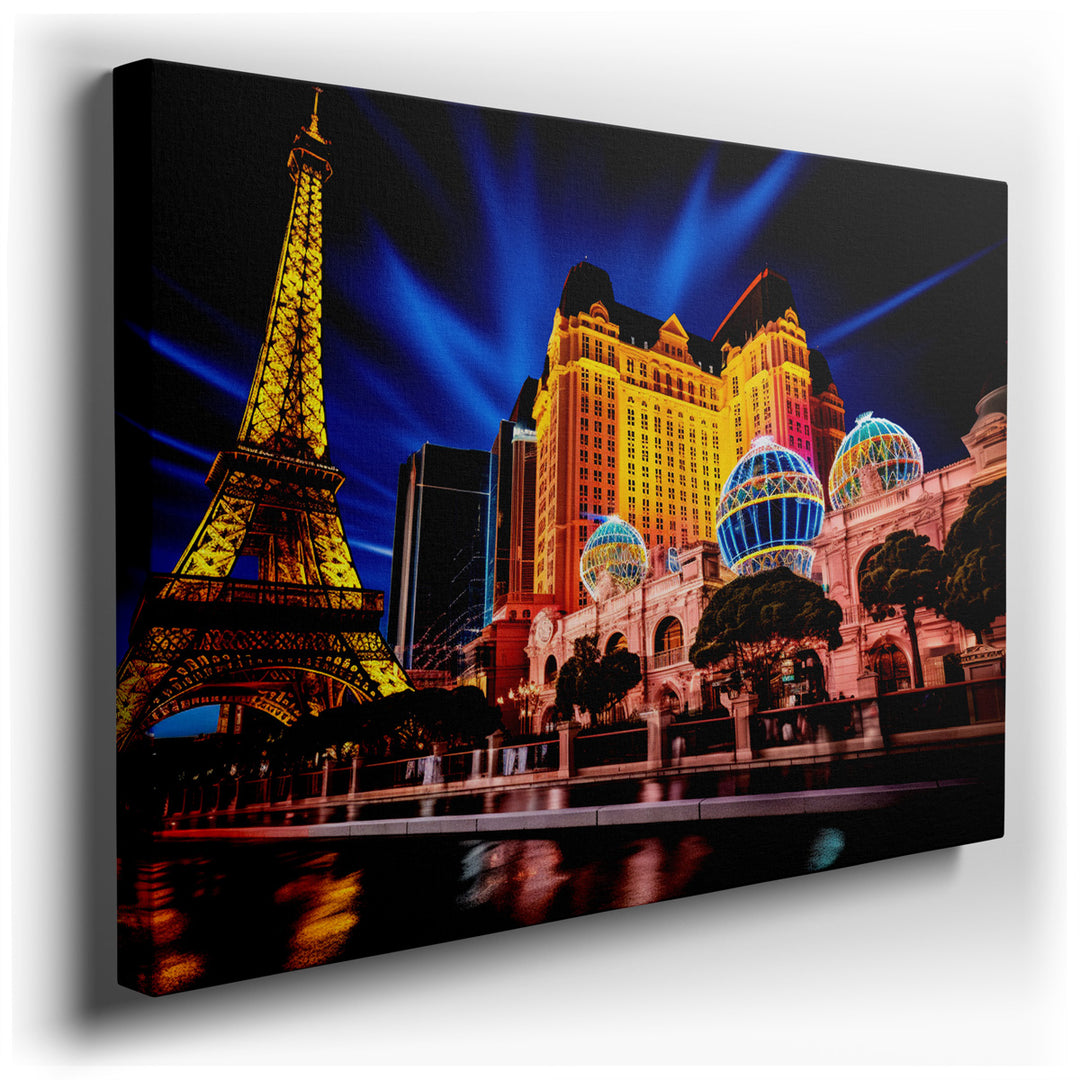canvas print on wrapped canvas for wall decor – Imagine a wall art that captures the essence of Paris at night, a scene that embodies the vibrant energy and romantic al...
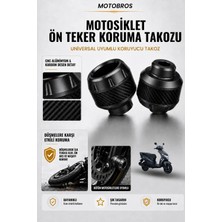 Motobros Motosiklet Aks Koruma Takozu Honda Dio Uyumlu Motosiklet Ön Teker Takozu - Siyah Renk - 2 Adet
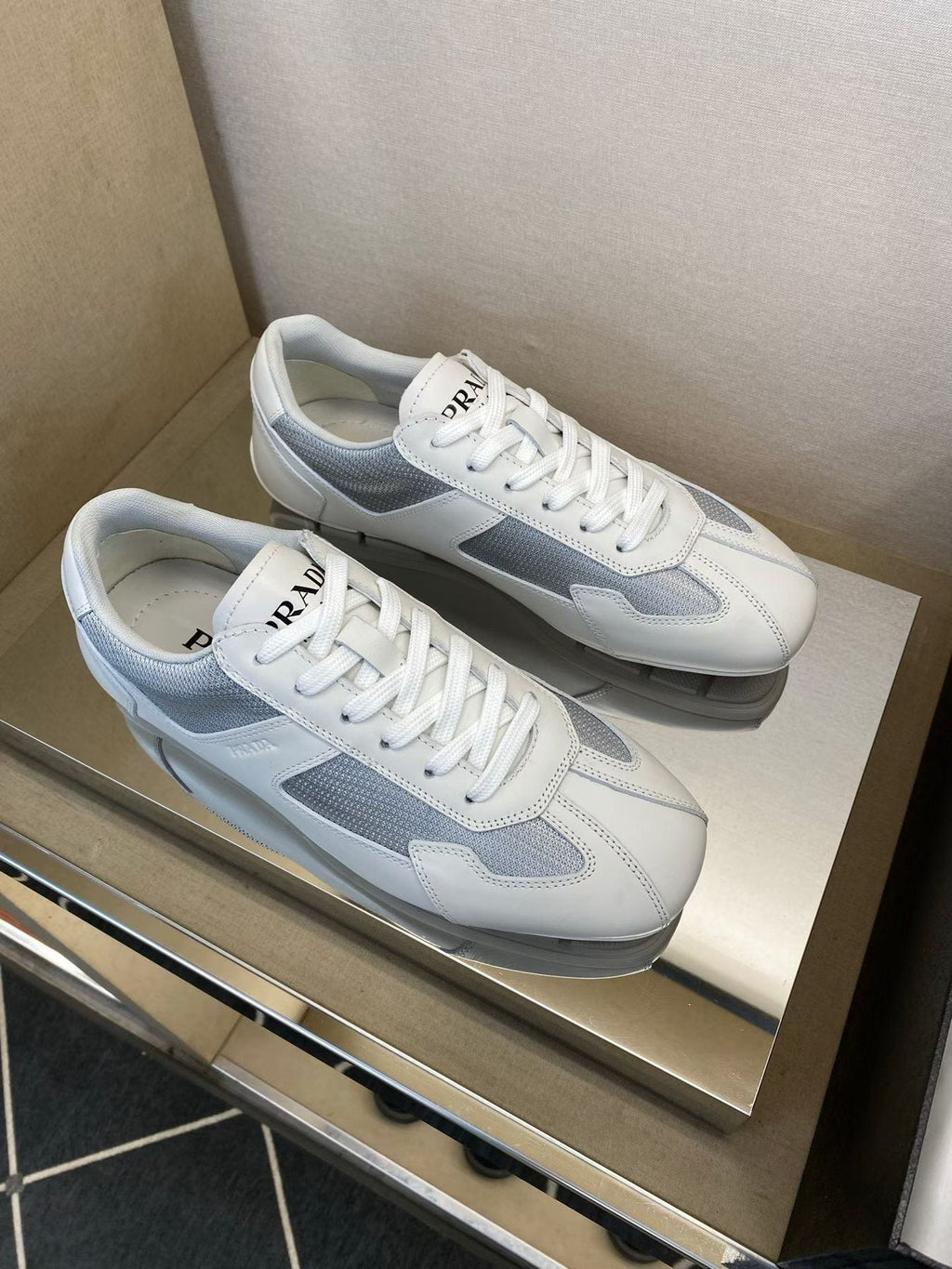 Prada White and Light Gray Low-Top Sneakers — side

◇ ◇ ◇ ◇ ◇ ◇ ◇

● What is being asked:
The whole listing above is to be repeated exactly, apart from its pictures.

● Response to the task:
canvas print on wrapped canvas for wall decor – Imagine a wall art that captures the essence of Paris at night, a scene that embodies the vibrant energy and romantic al...
 Motobros Motosiklet Aks Koruma Takozu Honda Dio Uyumlu Motosiklet Ön Teker Takozu - Siyah Renk - 2 Adet
 Prada White and Light Gray Low-Top Sneakers — side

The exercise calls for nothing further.